There is a Chinese Proverb which states "A man who asks is a fool for five minutes. A man who never asks is a fool for life." It's a great motto to apply to your professional career – we can always learn from others around us and improve. Hopefully the five points I've discussed provide an answer to the first of many questions.

1. Never be afraid to ask questions - when you join a practice area, you are working with people who specialise in that field. They are interested in the work and will be pleased if you are too. There will always be occasions when people are short on time and unable to explain issues in detail, but if you show you are keen to learn, people will make time to help you. Don't worry about how questions will come across - it's ok not to know the answer to something. Nobody knows everything and that's why lawyers (and trainees) do research, so don't be afraid to ask if you don't understand.

2. Speak up about workload - particularly if you are in a large team with several partners; it’s likely that most colleagues won’t know your capacity and workload. This might mean people pass you work when you are already very busy on another matter. Never be afraid to tell them, people will be much happier if you are honest and say you will struggle to meet their deadline in advance rather than telling them at the last minute or, worse, missing the deadline all together. Equally, sometimes people can assume that everyone else in the team has given you work and not pass a task across to you. If you are quiet – speak up!

3. Get to know personalities in the team - everyone will have their own style of working. When people ask you to do a task, some will like a call, or a face-to-face chat to run through what you’ve found, while some prefer an email. When it comes to written work, some people prefer to see how you arrived at your answer (for example, what books and cases you looked at), whereas others like a short and concise answer. At the start of your seat, ask people what they would like, but as you work with them, you’ll begin to understand how everyone prefers to operate.

4. Think about the big picture - there will be a reason for everything you're asked you to do. An important step to being a valued member of the team is understanding how the task you are doing feeds into a wider project and what the next step might be. For example, if you are asked to research the answer to a client query, offer to draft an email to the client based on what you’ve found. Team members will appreciate you offering to go the extra mile, although they might not always take you up on the offer, it shows that you are actively thinking about what you are doing and how you can help.

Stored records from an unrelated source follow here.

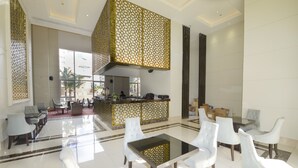 A spacious lobby with a central seating area, a reception desk, and a view of the outside. - Grande Caribbean Hotel Resort Pattaya (Pattaya)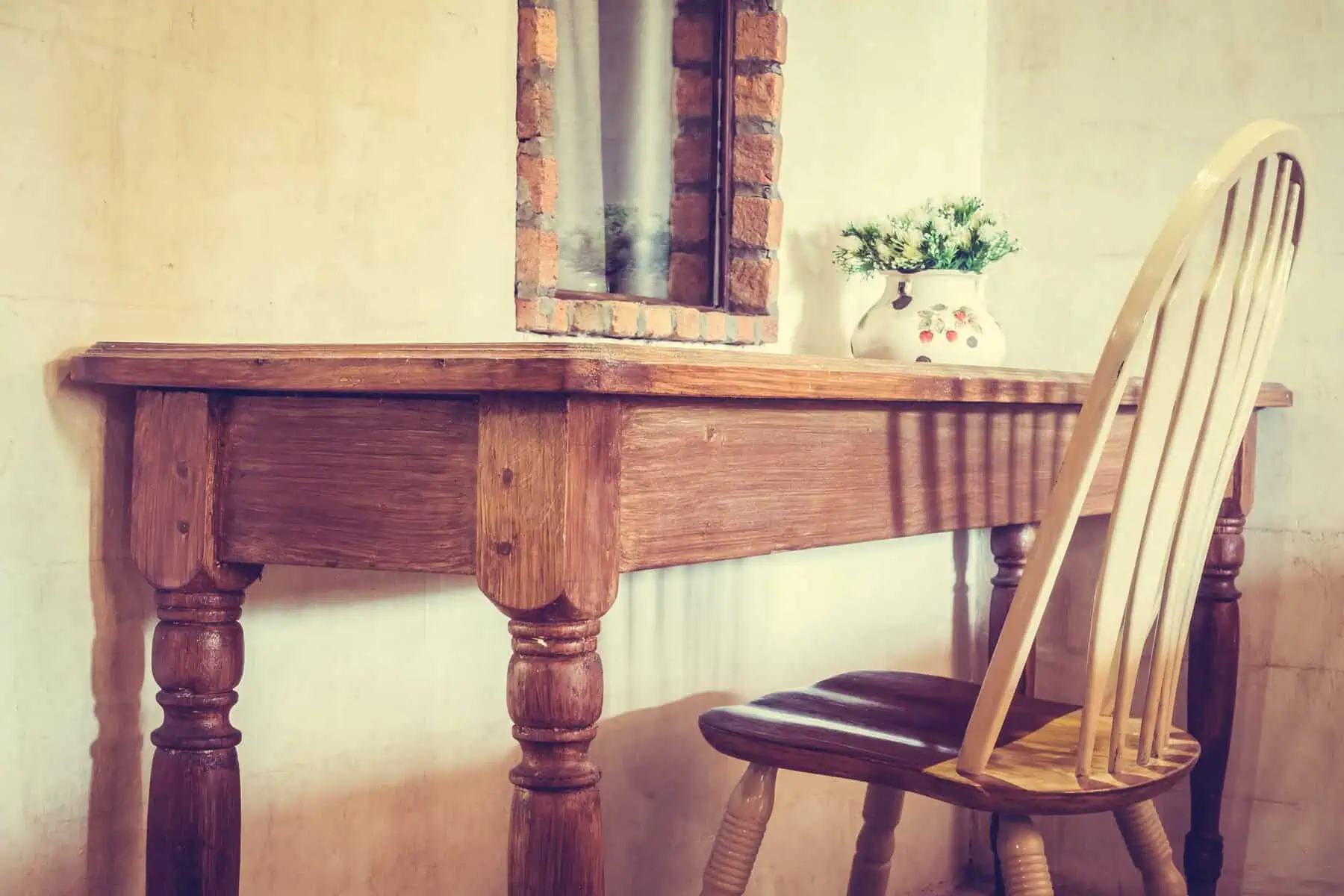 A rustic wooden table with a matching chair in a warm, inviting room.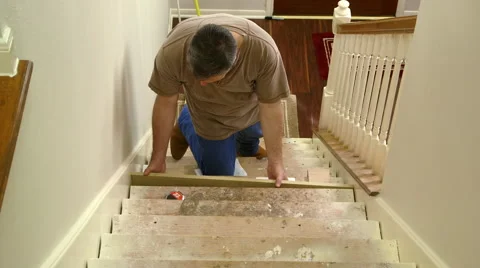 Carpenter fitting in stair riser and measuring for the step Stock Footage 50868129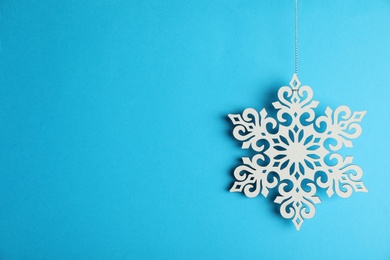 Photo of Beautiful decorative snowflake hanging on light blue background, space for text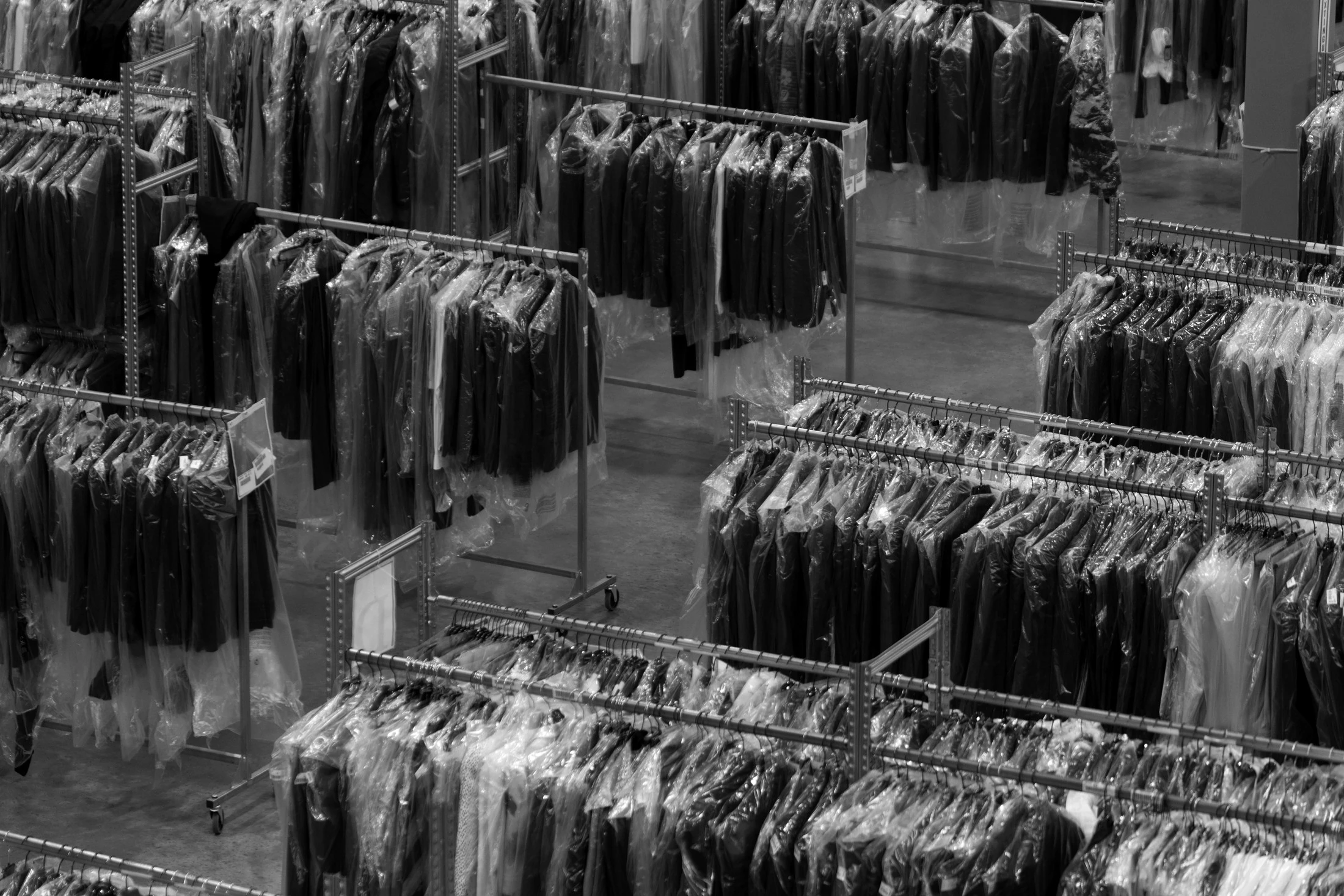 Overhead view of dense rows of garments hanging in protective plastic covers across warehouse racking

5. Timescales and budgets are important - the main focus of everything we do is to provide a high-quality service to clients, that is good value for money. Often this means a price or budget for a piece of work will be agreed. If not, there will be an idea of what is a reasonable cost. It is always a good idea to ask roughly how long you should spend on a task before you start. The same applies for timescales – some questions need an answer straight away, whereas with others there might be less time pressure. If you have that discussion before you start, everyone knows what’s expected and it avoids any confusion.